I suoi libri, però, non sono solo una reminiscenza personale ed individuale, ma sono pure una testimonianza del mondo carnico, della cultura e della storia delle vallate, delle montagne dove ha trascorso la sua vita; della identità, del senso di appartenenza delle comunità che l’hanno accolta e che l’hanno arricchita: “Scarpetz e galocios” e “Bosc e menaùs dell’alta Val di Gorto”, quest’ultimo edito dalla Società Filologica per la quale da anni collabora e nella quale è consigliera.

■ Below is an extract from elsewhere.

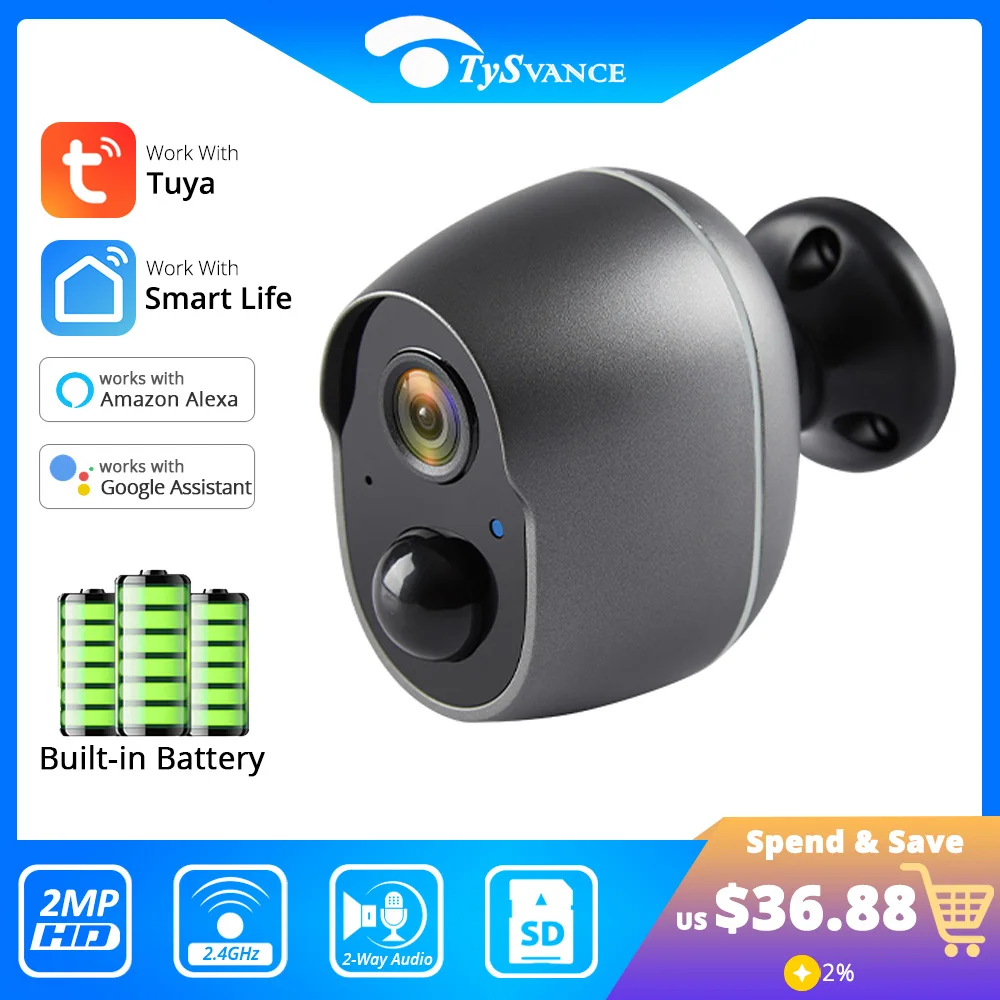 Tuya Low Power Battery Camera Outdoor Waterproof Wifi 1080P 2MP PIR Motion Detect Wireless Security CCTV Camera Cloud Storage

Ora ha in mente una storia sugli emigranti sulle donne emigranti soprattutto, un altro modo per far conoscere ai lettori, alla gente, la sua Carnia.


Lisdero Valle

Lisdero non appartiene alla "raze contadine ogm", incarna la sua terra. Lui e la sua campagna, nei dintorni di Nogaredo di Corno, sono una simbiosi perfetta. Come lui dona la sua passione ai suoi campi, così loro gratificano con gratitudine Lisdero. Nell’espressione del suo volto, dei suoi occhi, delle sue parole trasmette tutto il suo amore per il mais, il grano, la segala, l’orzo, la colza, il sorgo nero, i girasoli ed i suoi prodotti, nel riconoscere la mano intelligente, la saggezza sapiente, i sentimenti d’affetto di Lisdero, gli elargiscono frutti abbondanti. Quando entra nei campi, sa proteggere i semi che ha affidato alla terra, sa far crescere le piante, sa conservarle e loro lo gratificano con spighe grosse, con pannocchie pesanti. Sa che in quel determinato pezzo di terra va seminato il forment sant, perché, essendo esposto alle turbolenze estive, è l’unico frumento che resiste ai burlaçs e che è capace, quindi, di dare anche i fros oltre che abbondanti chicchi. Lisdero è consapevole che la sua terra va trattata con i dovuti riguardi ed allora vi sparge il re dei concimi. Sa pure che le sue piante vanno trattate come i bambini che crescono ed allora vi aggiunge gli integratori: fosforo, potassio, azoto. Avendo trattato la terra come una madre, non sono necessari i diserbanti, le forzature dei concimi chimici e tanto meno i riordini fondiari che lui chiama “disordini”. Non è molto anziano (è della classe 1932), ma possiede una saggezza che viene dalla notte di tempi. Applica la rotazione, sa seminare insieme il frumento ed il lupino, sa usare la colza contro la runduie e soprattutto sa che per i campi occorre la stalla, l’ovile, il porcile, il pollaio che rendono lieta, con il letame che producono, la terra. Ma ha un occhio attento anche alla tecnologia, perché senza le moderne tecniche biodinamiche, sostiene, si resta fermi alla vecchia nostalgia sentimentale e bucolica. Lui, invece, intende ancora progredire, rispettando, comunque, sempre quella sua terra che lo ha fatto sudare sì, ma che gli ha anche regalato tante soddisfazioni.